Updated on February 11, 2016

Archaeology without digging

A decision to excavate a site is never made lightly, after all, excavation can in many cases equal the destruction of a site. In the past archaeologists have been reluctant to excavate at Stonehenge because of the possible damage to this important heritage site. When eventually they did so it was with great care and only because there were certain questions that could not be answered in any other way.

To this end many archaeologists are involved in the non-invasive means of investigating potential archaeological sites. So what are these non-invasive methods of investigation?

  • Documentary research
  • Aerial Photography
  • Field walking
  • Geophysical Survey

And more recently LIDAR can be added to this list of traditional forms of study.


Get The Reading Glasses On.

Documentary research is the first place anybody should start when studying any archaeological site. It can be daunting, any one site can have a mountain of information published about it and you won't know where to start or in the worst case scenario there might be nothing which would have meant hours scouring maps, books, record offices, libraries and more to come up empty handed...

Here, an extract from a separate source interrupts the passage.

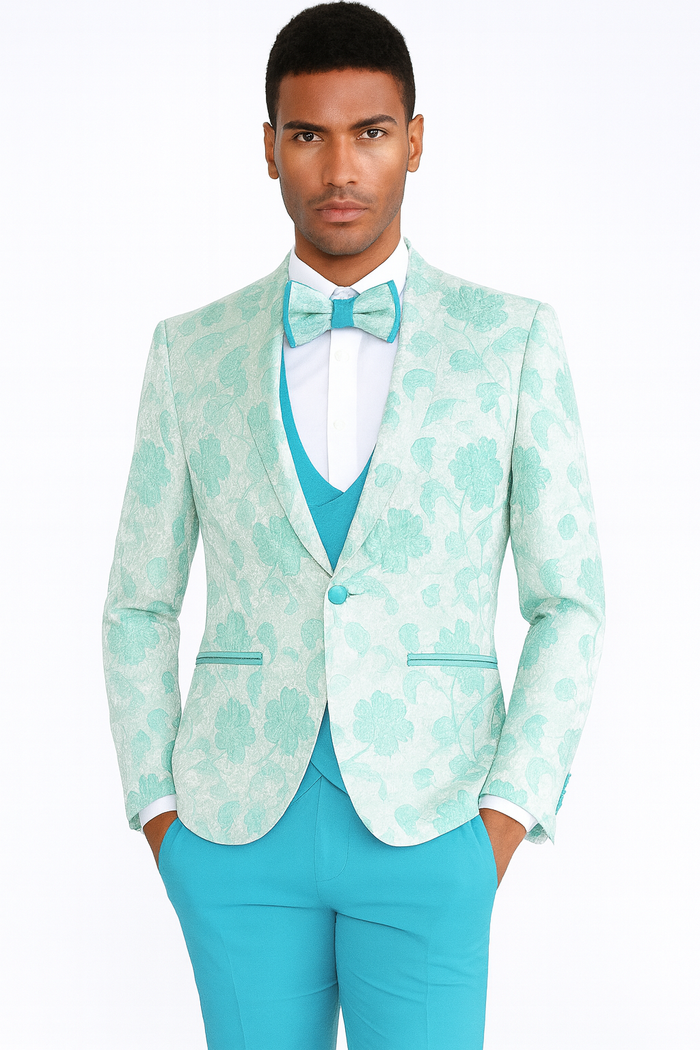 Aqua Tuxedo with Floral Pattern Four Piece Set - Wedding - Prom 2026 - Men's Flower Suit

Don't be put off, a well researched site can be very rewarding and save a lot of time later on should the decision to excavate be made.

So, where to look? If you are in the UK, the logical starting point would be the Sites and Monuments Record (SMR). A good access point for this information is through the Heritage Gateway online. The SMR will cover any known work already conducted on the site, along with any further references to follow up. For those of you who do not live in the UK, there are many similar records held by heritage groups, museums and the appropriate government bodies. In short hunt out any work previous done at a site, excavation or other wise.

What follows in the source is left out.